What this task involves =>
Look below for the line with "Super 8 By Wyndham Hope"; begin the copy there and stop after the line with "Canada, territori del", keeping the text exact and the pictures out.

═══ Listed entries

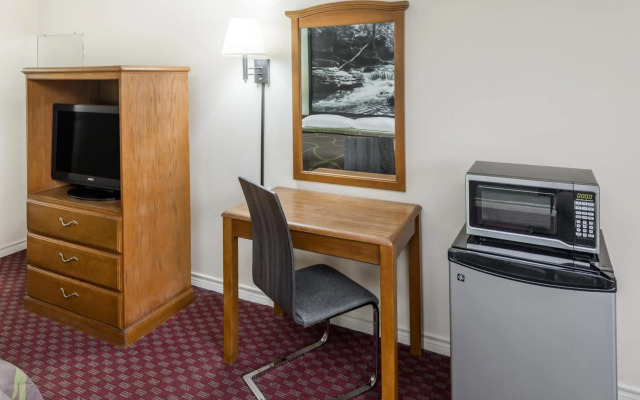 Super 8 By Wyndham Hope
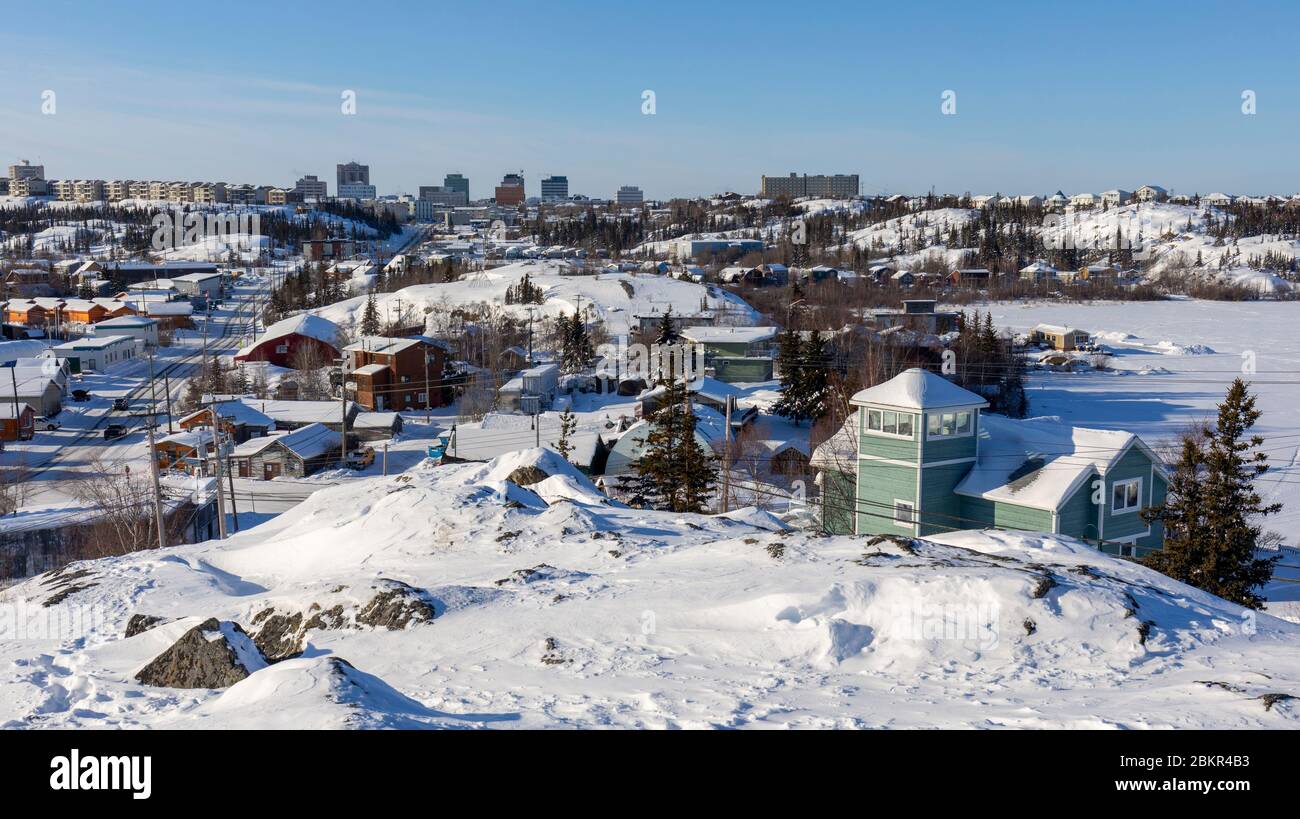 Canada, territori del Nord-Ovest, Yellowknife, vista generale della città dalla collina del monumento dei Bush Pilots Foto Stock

══════
═══ Listed entries

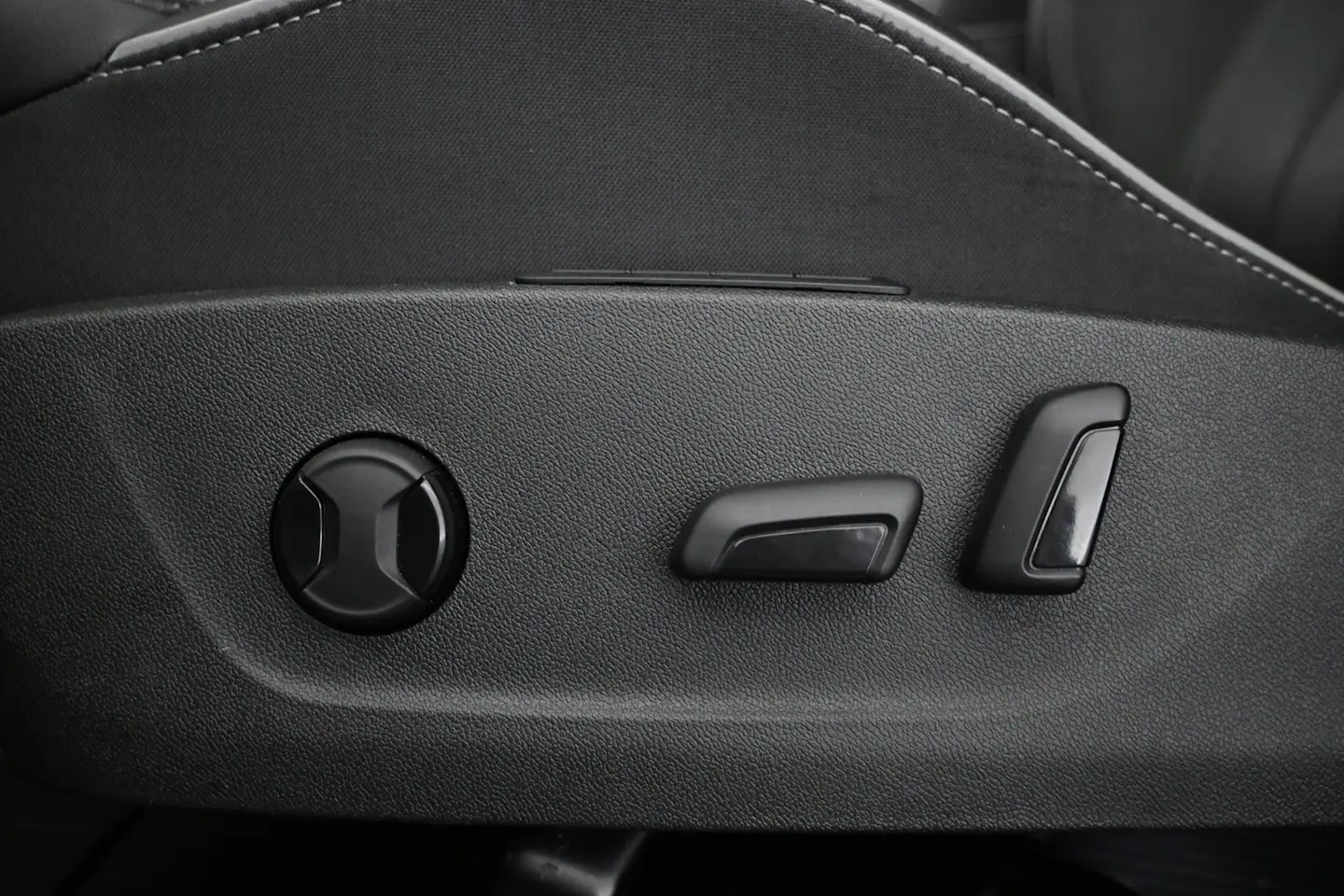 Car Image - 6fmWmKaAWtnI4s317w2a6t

══════
═══ Listed entries

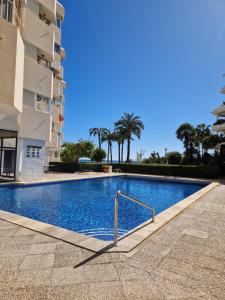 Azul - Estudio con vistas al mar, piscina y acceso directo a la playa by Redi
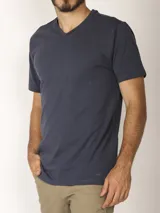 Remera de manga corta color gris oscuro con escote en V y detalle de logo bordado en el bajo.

══════

Written answer =>
 Super 8 By Wyndham Hope
 Canada, territori del Nord-Ovest, Yellowknife, vista generale della città dalla collina del monumento dei Bush Pilots Foto Stock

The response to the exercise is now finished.